(To make our notions a little more precise, let's call the 'test statistic' the distribution of the thing we look up to actually compute the p-value. This means that for a two-tailed t-test, our test statistic would be $|T|$ rather than $T$.)
What a test statistic does is induce an ordering on the sample space (or more strictly, a partial ordering), so that you can identify the extreme cases (the ones most consistent with the alternative).
In the case of Fisher's exact test, there's already an ordering in a sense - which are the probabilities of the various 2x2 tables themselves. As it happens, they correspond to the ordering on $X_{1,1}$ in the sense that either the largest or smallest values of $X_{1,1}$ are 'extreme' and they are also the ones with smallest probability. So rather than look at the values of $X_{1,1}$ in the way you suggest, one can simply work in from the large and small ends, at each step just adding whichever value (the largest or smallest $X_{1,1}$-value not already in there) has the smallest probability associated with it, continuing until you reach your observed table; on its inclusion, the total probability of all those extreme tables is the p-value.
Here's an example:
> data.frame(x=x,prob=dhyper(x,9,12,10),rank=rank(dhyper(x,9,12,10)))
x prob rank
1 0 1.871194e-04 2
2 1 5.613581e-03 4
3 2 5.052223e-02 6
4 3 1.886163e-01 8
5 4 3.300786e-01 10
6 5 2.829245e-01 9
7 6 1.178852e-01 7
8 7 2.245433e-02 5
9 8 1.684074e-03 3
10 9 3.402171e-05 1
The first column are $X_{1,1}$ values, the second column are the probabilities and the third column is the induced ordering.
So in the particular case of the Fisher exact test, the probability of each table (equivalently, of each $X_{1,1}$ value) can be considered the actual test statistic.
If you compare your suggested test statistic $|X_{1,1}-\mu|$, it induces the same ordering in this case (and I believe it does so in general but I have not checked), in that larger values of that statistic are the smaller values of the probability, so it could equally be considered 'the statistic' - but so could many other quantities -- indeed any that preserve this ordering of the $X_{1,1}$s in all cases are equivalent test statistics, because they always produce identical p-values.

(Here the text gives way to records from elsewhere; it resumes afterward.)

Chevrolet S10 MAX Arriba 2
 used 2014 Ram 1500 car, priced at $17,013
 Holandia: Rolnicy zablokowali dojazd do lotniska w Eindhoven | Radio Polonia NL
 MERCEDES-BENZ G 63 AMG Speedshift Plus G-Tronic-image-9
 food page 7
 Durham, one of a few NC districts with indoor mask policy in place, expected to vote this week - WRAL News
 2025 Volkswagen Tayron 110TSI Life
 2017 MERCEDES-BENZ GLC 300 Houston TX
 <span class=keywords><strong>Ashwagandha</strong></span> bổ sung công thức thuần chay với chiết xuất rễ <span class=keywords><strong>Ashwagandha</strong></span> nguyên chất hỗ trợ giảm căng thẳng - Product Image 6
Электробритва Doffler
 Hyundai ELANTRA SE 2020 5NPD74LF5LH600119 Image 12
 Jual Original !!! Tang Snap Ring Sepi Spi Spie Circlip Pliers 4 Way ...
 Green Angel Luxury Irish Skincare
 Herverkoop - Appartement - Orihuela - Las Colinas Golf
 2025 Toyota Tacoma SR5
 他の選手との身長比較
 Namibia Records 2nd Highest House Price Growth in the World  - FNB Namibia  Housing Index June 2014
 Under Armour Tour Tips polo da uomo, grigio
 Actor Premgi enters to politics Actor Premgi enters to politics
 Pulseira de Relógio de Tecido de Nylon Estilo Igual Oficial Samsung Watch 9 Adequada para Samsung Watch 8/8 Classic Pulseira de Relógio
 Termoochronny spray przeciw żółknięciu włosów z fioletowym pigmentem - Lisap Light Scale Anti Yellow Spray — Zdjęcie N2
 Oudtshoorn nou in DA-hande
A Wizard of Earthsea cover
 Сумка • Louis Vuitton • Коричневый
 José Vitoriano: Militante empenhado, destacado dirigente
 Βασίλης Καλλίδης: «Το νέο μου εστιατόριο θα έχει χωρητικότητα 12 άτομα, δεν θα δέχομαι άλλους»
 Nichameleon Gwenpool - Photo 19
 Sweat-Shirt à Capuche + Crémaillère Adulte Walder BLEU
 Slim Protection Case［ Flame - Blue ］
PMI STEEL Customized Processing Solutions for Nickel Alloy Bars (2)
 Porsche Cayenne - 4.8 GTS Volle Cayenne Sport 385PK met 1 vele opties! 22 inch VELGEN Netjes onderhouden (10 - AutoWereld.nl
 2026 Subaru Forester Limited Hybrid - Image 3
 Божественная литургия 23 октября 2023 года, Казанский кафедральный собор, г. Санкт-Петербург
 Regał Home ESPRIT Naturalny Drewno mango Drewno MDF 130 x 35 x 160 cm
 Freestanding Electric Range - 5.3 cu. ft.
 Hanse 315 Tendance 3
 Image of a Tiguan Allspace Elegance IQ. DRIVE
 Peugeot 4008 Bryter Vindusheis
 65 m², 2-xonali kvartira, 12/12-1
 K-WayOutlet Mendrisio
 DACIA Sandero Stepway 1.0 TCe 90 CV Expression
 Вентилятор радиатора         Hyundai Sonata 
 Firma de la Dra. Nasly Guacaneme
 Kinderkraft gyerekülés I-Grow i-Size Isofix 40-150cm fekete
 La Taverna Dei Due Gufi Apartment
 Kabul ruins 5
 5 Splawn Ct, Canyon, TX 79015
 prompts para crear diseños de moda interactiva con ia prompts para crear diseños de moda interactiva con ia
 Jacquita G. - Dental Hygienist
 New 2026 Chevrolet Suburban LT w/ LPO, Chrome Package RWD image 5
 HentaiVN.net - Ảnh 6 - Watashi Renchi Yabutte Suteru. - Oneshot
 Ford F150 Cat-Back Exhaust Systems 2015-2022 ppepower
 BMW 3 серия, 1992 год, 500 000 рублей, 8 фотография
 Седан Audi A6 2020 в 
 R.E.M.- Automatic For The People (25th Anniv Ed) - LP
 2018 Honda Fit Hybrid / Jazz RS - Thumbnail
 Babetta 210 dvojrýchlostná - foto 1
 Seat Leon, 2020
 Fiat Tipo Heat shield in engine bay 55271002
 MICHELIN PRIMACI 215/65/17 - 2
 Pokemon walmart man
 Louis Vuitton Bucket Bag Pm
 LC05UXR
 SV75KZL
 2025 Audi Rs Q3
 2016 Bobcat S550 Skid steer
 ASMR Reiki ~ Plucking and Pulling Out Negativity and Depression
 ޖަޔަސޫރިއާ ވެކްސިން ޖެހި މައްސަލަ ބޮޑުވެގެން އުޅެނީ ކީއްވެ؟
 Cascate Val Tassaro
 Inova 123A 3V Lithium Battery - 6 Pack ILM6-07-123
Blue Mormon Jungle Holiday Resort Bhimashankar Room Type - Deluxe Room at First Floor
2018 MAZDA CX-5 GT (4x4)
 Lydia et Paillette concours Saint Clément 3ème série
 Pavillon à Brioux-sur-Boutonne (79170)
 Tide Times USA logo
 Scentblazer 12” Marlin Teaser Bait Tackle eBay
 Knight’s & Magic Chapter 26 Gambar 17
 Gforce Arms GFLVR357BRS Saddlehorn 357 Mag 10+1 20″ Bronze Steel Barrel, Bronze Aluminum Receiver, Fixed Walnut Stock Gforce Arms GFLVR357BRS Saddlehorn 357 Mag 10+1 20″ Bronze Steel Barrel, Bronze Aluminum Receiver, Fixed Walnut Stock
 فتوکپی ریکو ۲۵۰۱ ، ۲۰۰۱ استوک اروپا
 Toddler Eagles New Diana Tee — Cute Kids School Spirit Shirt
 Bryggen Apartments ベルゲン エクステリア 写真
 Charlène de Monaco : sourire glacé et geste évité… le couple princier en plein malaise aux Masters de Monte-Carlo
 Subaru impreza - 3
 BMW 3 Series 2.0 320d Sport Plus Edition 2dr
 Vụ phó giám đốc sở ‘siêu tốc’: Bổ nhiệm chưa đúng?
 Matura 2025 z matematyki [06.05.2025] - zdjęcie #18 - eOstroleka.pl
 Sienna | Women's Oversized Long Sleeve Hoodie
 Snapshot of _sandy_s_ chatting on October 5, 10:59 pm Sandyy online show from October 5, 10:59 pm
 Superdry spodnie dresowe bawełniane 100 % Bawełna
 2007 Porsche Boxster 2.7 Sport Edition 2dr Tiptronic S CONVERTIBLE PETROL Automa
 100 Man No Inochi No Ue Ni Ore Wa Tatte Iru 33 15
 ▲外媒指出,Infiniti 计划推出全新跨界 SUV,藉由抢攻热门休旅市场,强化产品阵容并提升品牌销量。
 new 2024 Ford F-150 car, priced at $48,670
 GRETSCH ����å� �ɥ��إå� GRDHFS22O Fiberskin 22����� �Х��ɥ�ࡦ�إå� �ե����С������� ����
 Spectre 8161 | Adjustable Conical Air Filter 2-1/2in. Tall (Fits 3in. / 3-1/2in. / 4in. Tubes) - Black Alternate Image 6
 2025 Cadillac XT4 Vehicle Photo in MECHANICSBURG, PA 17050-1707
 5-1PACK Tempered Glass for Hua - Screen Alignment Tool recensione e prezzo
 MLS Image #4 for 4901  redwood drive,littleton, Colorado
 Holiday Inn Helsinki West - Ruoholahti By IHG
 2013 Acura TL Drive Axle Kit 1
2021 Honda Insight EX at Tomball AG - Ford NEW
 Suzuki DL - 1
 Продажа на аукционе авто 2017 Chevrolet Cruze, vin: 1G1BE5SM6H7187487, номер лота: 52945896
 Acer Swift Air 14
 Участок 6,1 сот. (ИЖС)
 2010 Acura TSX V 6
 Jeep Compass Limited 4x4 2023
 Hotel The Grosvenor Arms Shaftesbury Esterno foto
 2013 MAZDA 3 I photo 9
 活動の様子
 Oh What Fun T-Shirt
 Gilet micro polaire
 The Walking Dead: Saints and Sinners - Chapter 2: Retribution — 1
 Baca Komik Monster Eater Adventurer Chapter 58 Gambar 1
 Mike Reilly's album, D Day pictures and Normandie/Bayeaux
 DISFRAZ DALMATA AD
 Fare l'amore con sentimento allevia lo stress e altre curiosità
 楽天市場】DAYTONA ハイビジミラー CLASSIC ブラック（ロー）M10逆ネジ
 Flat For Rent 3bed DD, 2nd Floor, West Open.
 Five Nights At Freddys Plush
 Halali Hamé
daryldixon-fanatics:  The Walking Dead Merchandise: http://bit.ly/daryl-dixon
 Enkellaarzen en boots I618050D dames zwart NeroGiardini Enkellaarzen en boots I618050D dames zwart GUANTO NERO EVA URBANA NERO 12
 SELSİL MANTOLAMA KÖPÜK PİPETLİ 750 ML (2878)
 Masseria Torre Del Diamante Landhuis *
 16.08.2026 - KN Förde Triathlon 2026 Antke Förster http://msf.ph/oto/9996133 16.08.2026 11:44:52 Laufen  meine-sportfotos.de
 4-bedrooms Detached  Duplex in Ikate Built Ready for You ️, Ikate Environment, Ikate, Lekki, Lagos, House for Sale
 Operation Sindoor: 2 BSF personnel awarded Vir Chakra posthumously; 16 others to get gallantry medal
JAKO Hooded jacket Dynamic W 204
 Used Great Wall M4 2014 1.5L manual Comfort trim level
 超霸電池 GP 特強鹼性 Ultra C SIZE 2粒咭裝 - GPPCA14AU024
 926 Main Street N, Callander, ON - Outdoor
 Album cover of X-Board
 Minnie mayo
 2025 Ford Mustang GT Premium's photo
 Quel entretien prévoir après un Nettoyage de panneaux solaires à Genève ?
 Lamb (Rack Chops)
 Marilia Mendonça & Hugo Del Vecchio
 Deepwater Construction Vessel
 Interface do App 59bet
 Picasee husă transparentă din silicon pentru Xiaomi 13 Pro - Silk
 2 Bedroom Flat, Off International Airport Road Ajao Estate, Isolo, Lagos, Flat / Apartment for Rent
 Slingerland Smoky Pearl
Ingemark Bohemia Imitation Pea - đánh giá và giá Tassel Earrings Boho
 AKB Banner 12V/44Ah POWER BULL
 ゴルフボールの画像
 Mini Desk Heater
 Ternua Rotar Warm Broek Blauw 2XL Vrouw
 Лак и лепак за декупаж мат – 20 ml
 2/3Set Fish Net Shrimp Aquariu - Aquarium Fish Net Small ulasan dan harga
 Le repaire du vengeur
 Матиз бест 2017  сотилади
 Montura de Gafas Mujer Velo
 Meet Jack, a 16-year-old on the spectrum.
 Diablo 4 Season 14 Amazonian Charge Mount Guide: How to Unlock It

Also note that with the more precise notion of 'test statistic' introduced at the start, none of the possible test statistics for this problem actually has a hypergeometric distribution; $X_{1,1}$ does, but it's not actually a suitable test statistic for the two tailed test (if we did a one-sided test where only more association in the main diagonal and not in the second diagonal was regarded as consistent with the alternative, then it would be a test statistic). This is just the same one-tailed/two-tailed issue I began with.
[Edit: some programs do present a test statistic for the Fisher test; I'd presume this would be a -2logL type calculation that would be asymptotically comparable with a chi-square. Some may also present the odds-ratio or its log but that's not quite equivalent.]